Mak-neung became interested in spiritual matters from a very young age. By age 8 she had mastered the principles of Confucius and went on to study Taoist and Buddhist texts. A Taoist monk recognized a deep mystical nature in the now 11-year-old girl and trained her to see into the future and to transport her spirit across great distances, able to pick flowers from gardens hundreds of li from her home.
But Mak-neung wasn’t interested in becoming a nun or spiritual master. Always remaining close to her humble family and community, she put her special skills to practical use. She often stood on the shore dressed in red garments, looking across the seas for dangerous weather and warning fishermen to quickly sail home.
One day when she was 16, her father and brothers were fishing in separate boats far out to sea. Mak-neung, at home spinning yarn at her loom, went into a deep trance where she saw a typhoon engulfing her family’s vessels. Using her spiritual powers, she traveled from ship to ship to guide them out of the storm. Her brothers saw her appear in front of them, pointing out the safest route home.
Just after she’d visited the last of her brothers’ vessels, her mother came into the house and, alarmed at seeing Mak-neung sprawled across her loom, thinking she was having a seizure, shook her out of her trance. Mak-neung berated her mother for bringing her back to earth too soon. She had left one ship left to visit, but it was too late. All her family’s fishing junks returned safely to shore except one: her father’s.
Distraught over her father’s death, Mak-neung took a vow of celibacy. She died unmarried at the age of 28. Some say she drowned while swimming out to sea in search of her lost father, while others claim her spirit permanently left her body during a deep meditation.
That was when the legend began.

The author’s Tin Hau figure, with paper miniature
Years later Lin Mak-neung appeared in a dream to every resident of Mei Chow island. She told them that she was the goddess of the island and deserved a permanent home there. In 1012, relatives of hers were shipwrecked on Tung Lung island at the eastern end of present-day Hong Kong Harbor. In thanks for her helping to save their lives, they built the first temple to her.
Lin Mak-neung’s her official recognition as a deity came a hundred years later, when a Chinese diplomatic mission to Korea was caught in a typhoon. While the ambassador prayed fervently to heaven, he saw a goddess dressed in red appear on top of the mast. The seven other ships in the mission capsized in the seething waves, but the waters around the ambassador’s ship settled down and enabled him to pass. The Emperor, hearing about this miracle, decreed that the goddess of Mei Chow be formally canonized in a specially built Temple of the Fortunate Crossing.
Her worship spread rapidly north and south along the coast. By now she was known popularly as媽祖Ma Jou, Matsu, or Mazu, the Maternal Grandmother.

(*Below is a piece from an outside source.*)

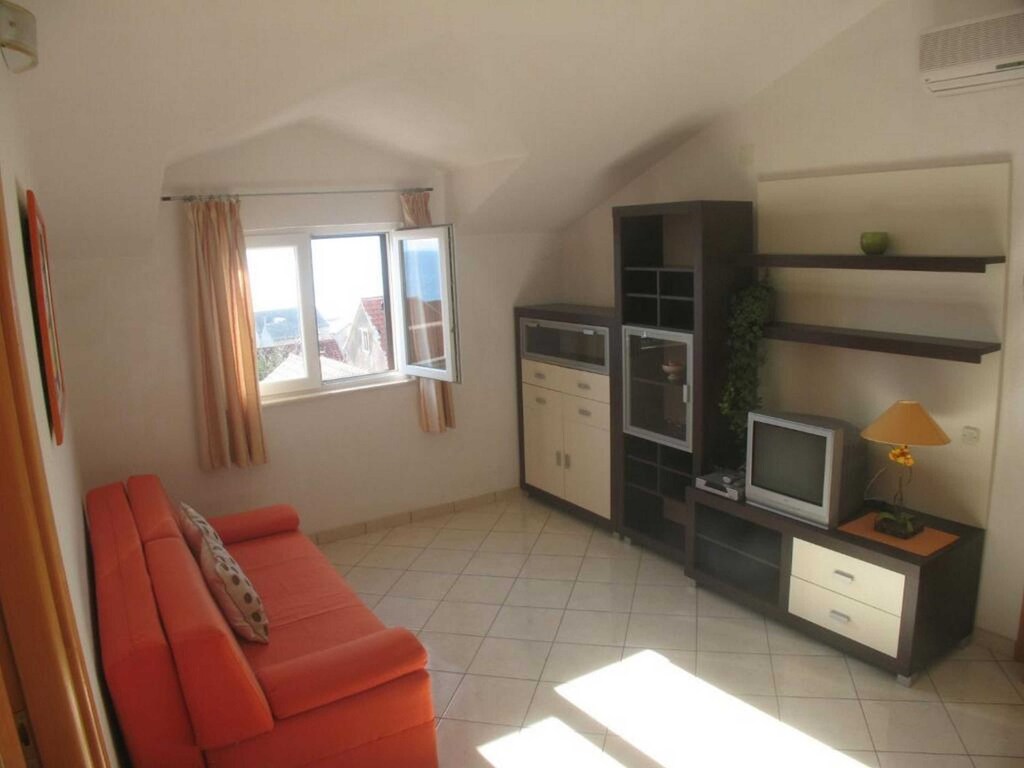 Appartement in Bol met balkon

In some places she was more familiarly called A-Ma, Honorable Grandma.
As her reputation grew, her promotion among the deities quickened, given a series of increasingly lofty names until, in 1287, Kublai Khan bestowed on her the title 天后 Empress of Heaven, the highest rank in the celestial pantheon after the Jade Emperor himself.
Since then she has been credited with helping many men and ships at sea, including the great Chinese explorer Zheng He and the Ming Dynasty hero, patriot, and ex-pirate Koxinga.

For hundreds of years a Tin Hau or Matsu temple has been at the heart of every coastal community. Every island, even the most remote, speck-sized rock sticking from the water, is bound to contain a shrine to the protector of fishing folk and seafarers. And of course, every ship has at least one shrine devoted to her; often an effigy of her colorful figure presides over the captain’s quarters.
There are so many variations of the Tin Hau legend that it’s impossible to identify any one version as the original. I presented here a version compiled from the stories I’ve heard in the island communities of Hong Kong and Macau, the area roamed by Shek Yang and her pirate cohorts.
One thing everyone agrees on: Tin Hau was a real woman who deserved her heavenly throne.